There’s something happening here. What it is ain’t exactly clear. Yet, as “it” gradually pulls into sharper focus, what becomes apparent is the winds of change are in the air. What change these winds bring has yet to be felt.

There’s something happening here. What it is ain’t exactly clear.

Yet, as “it” gradually pulls into sharper focus, what becomes apparent is the winds of change are in the air. What change these winds bring has yet to be felt. At the ground level outside Cochrane, however, you get a glimpse of where they may be headed.

A small group of people (approximately 50) gathered in a Ghost Valley forest about 30 kilometres northwest of town. They came in their sport-utes and well-worn 4x4 pickup trucks. They greeted each other warmly and with respect. Words were spoken. People embraced.

They were, in some measure, tearing down cultural barriers that define but hamper our capacity to interact as fellows – re-working perceptions that weaken the stitches in the fabric of our common bond.

The First Nations people of Stoney Nakoda had been summoned to help the Ghost Valley community with its concerns about clear-cut logging practices in the Ghost watershed. The Stoney’s generational wisdom, and resolve, was being sought on how to manage, treat and respect the land.

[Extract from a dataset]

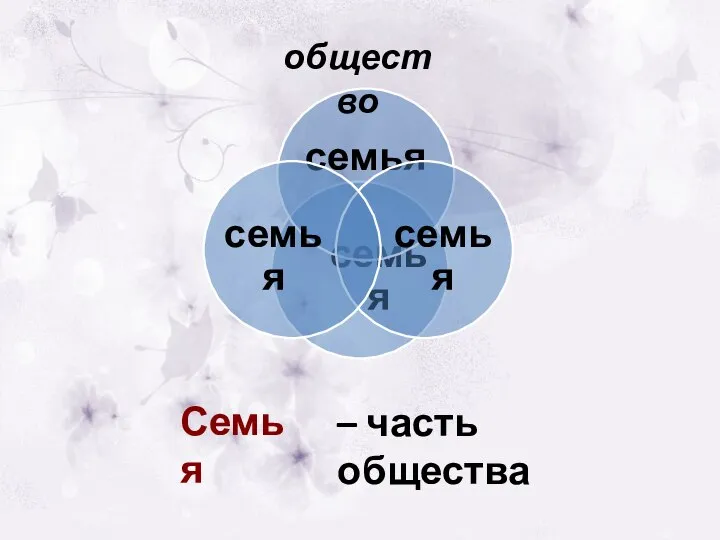 общество Семья – часть общества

Together, they hiked into the woods scheduled for harvest (cut block 2766 in the larger Block 9 timber licence) by Spray Lake Sawmills (SLS) of Cochrane.

Surrounded by lodgepole pine and white spruce slated to be felled, sitting on blankets on the cool, tree-needle and moss-covered ground, the Bearspaw tribal elders held a pipe ceremony to show their support for land “owners” and their quest for further consultation on logging practices in the area. Sage smouldered at the centre of the circle and in the pipe as it was passed while an elder spoke in his native tongue during the ceremony.

They were coming together to rally against a common foe. Some insist that foe is SLS.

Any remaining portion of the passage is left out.